WASHINGTON, Dec. 8 (UPI) -- A new poll suggests Americans want action on healthcare issues, but there is no consensus about what kind of action, and also a lack of will to make difficult trade-offs.
Meanwhile, a dogfight in the waning days of the lame duck Congress illustrates the difficulty of turning vision into policy.
"People do not think in terms of ideology ... they just want some help," said Drew Altman, president and CEO of the Kaiser Family Foundation at an event Friday, unveiling the results of a new national poll on Americans' political priorities.
Eighty-five percent of Americans support more action by Congress on uninsurance, and 77 percent want more action to control healthcare costs, according to the poll of 1,867 adults conducted by the foundation and the Harvard School of Public Health. But no clear policy proposal appealed to a majority of those polled.
Proposals spanning the philosophical spectrum from a law requiring all employers to provide insurance to tax credits allowing people to purchase insurance each roughly gained the support of a quarter of surveyed respondents.
"When you ask people to choose one policy -- there is not one that everybody likes," said Mollyann Brodie, vice president of the Kaiser Family Foundation. "That's why the (universal coverage plan) in Massachusetts was successful. Everyone could see something they liked in it."
Regarding the Medicare program, on one hand, there was surprising consensus about current controversies. For example, more than two-thirds of Republicans, Democrats and Independents favor allowing the government to use the program to negotiate lower prescription drug prices.
On the other hand, proposals to address long-term solvency issues in the program failed to garner much support. Raising the age of eligibility had the support of only 28 percent, and support for requiring seniors to pay higher out-of-pocket costs was in the single digits.
Only the vague idea of "rolling back tax cuts" had the support of a majority, and that reflects many people's reluctance to make trade-offs, believing the money can "just come from somewhere else," said Robert Blendon, a health policy professor at Harvard University who worked on the survey. "Getting the program financially stable is not easy if you care about getting a lot of public support."
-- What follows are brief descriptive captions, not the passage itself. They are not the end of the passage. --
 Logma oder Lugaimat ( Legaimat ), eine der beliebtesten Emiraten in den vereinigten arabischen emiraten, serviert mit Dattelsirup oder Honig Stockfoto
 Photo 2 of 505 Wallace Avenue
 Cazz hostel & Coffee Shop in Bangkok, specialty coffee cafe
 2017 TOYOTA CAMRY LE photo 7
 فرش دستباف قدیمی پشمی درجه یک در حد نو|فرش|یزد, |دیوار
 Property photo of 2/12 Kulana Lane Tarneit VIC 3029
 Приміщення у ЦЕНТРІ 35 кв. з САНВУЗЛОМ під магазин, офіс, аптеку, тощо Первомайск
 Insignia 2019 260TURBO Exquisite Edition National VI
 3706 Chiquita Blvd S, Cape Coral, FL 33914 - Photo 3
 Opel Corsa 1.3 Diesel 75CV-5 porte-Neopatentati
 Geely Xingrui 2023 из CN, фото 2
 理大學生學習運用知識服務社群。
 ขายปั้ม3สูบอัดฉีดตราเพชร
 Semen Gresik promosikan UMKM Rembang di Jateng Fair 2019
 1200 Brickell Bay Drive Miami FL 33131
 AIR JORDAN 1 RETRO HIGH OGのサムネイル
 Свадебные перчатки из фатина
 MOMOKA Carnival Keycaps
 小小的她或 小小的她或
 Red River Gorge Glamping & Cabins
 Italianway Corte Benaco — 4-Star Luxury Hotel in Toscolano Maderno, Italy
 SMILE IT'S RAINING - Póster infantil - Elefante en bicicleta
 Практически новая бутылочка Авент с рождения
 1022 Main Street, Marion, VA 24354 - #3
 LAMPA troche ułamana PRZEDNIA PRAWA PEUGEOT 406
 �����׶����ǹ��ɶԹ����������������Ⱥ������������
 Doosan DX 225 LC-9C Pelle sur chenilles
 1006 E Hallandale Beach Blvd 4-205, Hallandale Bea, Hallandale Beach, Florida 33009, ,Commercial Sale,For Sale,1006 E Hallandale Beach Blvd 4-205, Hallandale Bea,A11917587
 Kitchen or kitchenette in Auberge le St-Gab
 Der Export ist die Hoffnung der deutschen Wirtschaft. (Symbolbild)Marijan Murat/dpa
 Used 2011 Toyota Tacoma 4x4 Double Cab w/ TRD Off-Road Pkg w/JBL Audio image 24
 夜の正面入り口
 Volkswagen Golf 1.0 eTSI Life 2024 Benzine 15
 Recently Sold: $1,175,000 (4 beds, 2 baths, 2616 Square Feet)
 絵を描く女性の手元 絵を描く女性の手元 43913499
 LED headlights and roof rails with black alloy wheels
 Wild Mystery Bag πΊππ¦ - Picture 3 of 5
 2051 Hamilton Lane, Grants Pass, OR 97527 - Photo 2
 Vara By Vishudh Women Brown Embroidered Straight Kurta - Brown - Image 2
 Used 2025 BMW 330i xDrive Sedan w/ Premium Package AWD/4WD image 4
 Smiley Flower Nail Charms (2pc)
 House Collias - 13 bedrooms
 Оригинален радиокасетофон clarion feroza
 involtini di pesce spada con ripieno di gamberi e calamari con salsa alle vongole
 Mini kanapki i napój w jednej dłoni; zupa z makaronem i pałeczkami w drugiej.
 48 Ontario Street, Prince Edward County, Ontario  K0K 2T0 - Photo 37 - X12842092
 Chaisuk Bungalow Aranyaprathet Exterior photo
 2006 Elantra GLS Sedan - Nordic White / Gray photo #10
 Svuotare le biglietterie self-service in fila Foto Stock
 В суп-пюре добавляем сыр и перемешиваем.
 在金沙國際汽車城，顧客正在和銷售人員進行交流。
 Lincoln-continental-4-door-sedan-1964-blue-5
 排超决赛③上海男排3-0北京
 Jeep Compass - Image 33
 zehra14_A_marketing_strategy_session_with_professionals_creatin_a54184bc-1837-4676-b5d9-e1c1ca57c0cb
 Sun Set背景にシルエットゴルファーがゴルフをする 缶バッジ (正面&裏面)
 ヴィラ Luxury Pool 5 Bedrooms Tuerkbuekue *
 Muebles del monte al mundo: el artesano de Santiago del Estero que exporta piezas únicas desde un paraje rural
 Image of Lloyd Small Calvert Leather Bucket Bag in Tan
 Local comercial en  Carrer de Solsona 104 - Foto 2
In Congress, last-ditch attempts to pass stop-gap funding to tide many health programs over until the new Congress meets have left casualties in their wake.
For example, important programs like the Ryan White Act, which provides care for AIDS patients, and the State Children's Health Insurance Program (SCHIP), which insures low-income children were left out of the catch-all funding extension bill.
Now a dispute over funding for the National Institutes of Health suggests no legislation on the programs will move before the end of the year, said Kate Leone, senior health counsel to Senate Democratic Leader Harry Reid, D-Nev., leaving more than 500,000 children at risk of losing their SCHIP coverage.
"We're hoping it will pass," Leone said, "but it would be a heavy lift at this point."
For the next Congress, the Democrats, newly in control of both houses, have made Medicare drug negotiation and funding for stem cell research priority items, but they likely will encounter stiff opposition from both congressional Republicans and President Bush.
While there are some opportunities for cooperation, it is "very difficult to come together on ideas so we can move forward," said Elizabeth Hall, director of health policy for Senate Majority Leader Bill Frist, R-Tenn.
Julie Goon, special assistant to President Bush for economic policy, and member of the National Economic Council, would not discuss possible Bush vetoes, but somewhat ominously, said "the government doesn't do a very good job at negotiating."
The lessons for 2008 presidential candidates are clear, Blendon told UPI.
"What really is effective is laying out issues," he said. "My view is a lot of details will not help candidates."
Successful campaigns will "make people see they have a real sense of priorities," he said.
Republican candidates may be able to overlook the issue of healthcare in the primary, Blendon added, but to win over Democrats and Independents -- who rank healthcare among their top three issues -- they will still need to have a plan.
"It's going to be hard to be a Democratic candidate and not talk about healthcare," he added. "It's going to be hard to be a Republican candidate and find a reason to talk about it."